Based on the votes set forth above, the compensation of the Company's named executive officers was approved.

Votes regarding the ratification of the appointment of Ernst & Young LLP as the Company's independent registered public accounting firm for the fiscal year ending February 1, 2014 were as follows:

                                                   For                          Against                     Abstain                    Broker Non-Votes 

                                                   175,363,128             1,110,053                      173,084                                       0

Based on the votes set forth above, the appointment of Ernst & Young LLP as the Company's independent registered public accounting firm for the fiscal year ending February 1, 2014 was duly ratified.
 

 ITEM 7.01. Regulation FD Disclosure
 ITEM 9.01. Financial Statements and Exhibits
(c) Exhibits
   
Exhibit No. Description
99.1* Management's prepared remarks for the Company's Annual Meeting of Stockholders 
* Such Exhibit is being "furnished" (not filed) pursuant to Item 7.01 of the Current Report on Form 8-K.

 

SIGNATURE

Pursuant to the requirements of the Securities Exchange Act of 1934, the registrant has duly caused this report to be signed on its behalf by the undersigned hereunto duly authorized.

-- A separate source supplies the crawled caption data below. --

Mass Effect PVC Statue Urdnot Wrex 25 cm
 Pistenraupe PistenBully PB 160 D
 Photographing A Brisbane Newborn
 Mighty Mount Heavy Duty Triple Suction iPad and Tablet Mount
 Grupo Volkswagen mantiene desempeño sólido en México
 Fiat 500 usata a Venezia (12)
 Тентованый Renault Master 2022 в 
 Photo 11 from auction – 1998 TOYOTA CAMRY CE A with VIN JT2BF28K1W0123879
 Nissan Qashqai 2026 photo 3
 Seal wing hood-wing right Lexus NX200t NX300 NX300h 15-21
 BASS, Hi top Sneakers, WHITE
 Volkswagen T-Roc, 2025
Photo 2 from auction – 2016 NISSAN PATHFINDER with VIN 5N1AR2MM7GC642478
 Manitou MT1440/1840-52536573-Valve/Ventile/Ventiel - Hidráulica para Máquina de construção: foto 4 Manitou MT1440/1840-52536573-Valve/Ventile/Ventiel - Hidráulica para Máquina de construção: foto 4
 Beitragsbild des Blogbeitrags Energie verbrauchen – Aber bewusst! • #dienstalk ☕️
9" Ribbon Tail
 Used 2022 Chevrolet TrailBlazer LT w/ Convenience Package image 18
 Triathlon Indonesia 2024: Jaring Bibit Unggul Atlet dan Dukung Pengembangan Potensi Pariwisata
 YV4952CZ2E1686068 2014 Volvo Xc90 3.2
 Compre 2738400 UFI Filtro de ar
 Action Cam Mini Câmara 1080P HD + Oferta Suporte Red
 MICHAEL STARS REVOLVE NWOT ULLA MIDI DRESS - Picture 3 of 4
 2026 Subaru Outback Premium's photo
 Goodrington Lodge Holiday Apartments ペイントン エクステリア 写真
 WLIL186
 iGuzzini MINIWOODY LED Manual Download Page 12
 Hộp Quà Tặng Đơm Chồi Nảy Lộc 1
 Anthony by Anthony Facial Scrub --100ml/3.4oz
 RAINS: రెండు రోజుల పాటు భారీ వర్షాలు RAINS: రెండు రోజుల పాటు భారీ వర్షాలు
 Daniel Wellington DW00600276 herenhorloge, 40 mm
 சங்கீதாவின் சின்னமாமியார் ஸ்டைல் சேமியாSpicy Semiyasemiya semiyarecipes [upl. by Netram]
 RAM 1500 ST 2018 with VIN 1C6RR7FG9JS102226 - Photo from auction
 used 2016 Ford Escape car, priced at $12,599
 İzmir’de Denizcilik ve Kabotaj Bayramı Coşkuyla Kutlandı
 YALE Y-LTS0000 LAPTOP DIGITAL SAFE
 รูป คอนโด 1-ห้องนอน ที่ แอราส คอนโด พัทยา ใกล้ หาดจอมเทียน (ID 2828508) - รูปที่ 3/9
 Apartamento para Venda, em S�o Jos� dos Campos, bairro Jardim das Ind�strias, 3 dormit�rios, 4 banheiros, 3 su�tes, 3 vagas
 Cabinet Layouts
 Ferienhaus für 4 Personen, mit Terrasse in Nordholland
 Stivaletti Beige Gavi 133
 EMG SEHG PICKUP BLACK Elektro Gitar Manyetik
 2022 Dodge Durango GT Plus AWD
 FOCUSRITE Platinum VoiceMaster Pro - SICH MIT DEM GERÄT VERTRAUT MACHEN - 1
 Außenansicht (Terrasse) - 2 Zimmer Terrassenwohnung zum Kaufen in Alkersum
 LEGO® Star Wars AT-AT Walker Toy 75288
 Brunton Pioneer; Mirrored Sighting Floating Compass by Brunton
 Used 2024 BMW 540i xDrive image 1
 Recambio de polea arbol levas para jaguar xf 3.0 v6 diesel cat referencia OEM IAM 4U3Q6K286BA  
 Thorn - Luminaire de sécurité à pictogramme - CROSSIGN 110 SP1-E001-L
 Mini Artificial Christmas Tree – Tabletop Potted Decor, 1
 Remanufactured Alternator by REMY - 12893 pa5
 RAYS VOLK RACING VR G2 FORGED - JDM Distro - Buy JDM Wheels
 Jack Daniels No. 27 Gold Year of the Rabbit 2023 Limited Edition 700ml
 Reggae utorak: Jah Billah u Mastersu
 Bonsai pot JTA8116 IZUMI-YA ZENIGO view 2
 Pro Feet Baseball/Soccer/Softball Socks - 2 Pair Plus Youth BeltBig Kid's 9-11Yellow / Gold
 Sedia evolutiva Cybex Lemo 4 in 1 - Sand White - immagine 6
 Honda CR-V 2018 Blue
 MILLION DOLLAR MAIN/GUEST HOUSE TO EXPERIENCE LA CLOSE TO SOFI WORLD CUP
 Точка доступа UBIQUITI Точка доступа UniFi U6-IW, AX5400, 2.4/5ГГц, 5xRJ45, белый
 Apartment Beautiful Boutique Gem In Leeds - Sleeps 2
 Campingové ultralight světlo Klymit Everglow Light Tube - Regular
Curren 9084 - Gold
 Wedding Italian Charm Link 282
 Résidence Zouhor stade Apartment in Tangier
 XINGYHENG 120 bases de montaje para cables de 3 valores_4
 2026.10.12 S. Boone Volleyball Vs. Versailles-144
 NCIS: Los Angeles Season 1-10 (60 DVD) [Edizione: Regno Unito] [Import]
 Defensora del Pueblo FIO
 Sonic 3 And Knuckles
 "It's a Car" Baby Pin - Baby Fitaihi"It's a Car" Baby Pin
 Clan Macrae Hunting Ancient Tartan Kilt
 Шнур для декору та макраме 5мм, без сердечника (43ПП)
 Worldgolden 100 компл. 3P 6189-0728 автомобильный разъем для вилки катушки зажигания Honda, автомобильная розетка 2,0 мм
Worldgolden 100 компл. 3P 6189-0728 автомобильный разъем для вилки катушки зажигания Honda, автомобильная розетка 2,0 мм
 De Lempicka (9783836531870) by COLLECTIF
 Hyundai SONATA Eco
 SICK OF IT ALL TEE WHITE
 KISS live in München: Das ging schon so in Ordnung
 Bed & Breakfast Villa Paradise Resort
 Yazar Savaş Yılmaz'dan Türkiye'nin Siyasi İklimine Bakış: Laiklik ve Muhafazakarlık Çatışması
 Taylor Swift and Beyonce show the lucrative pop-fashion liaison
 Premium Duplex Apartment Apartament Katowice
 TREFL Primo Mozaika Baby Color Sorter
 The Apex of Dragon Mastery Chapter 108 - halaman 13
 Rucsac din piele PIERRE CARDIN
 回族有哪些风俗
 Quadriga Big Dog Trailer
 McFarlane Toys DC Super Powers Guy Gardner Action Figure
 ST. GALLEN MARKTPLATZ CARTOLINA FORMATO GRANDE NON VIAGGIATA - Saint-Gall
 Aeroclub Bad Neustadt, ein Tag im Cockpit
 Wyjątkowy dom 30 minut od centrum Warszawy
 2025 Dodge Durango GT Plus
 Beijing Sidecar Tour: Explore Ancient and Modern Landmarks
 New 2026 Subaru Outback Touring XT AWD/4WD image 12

    AMERICAN EAGLE OUTFITTERS, INC.
    (Registrant)
Date: May 31, 2013   By:  

/s/ Cornelius Bulman, Jr.

        Cornelius Bulman, Jr.
     

Vice President, General Counsel and Secretary



EXHIBIT INDEX

 


Exhibit
Number

 

Description


99.1*    Management's prepared remarks for the Company's Annual Meeting of Stockholders  
*  Such Exhibit is being "furnished" (not filed) pursuant to Item 7.01 of the Current Report on Form 8-K.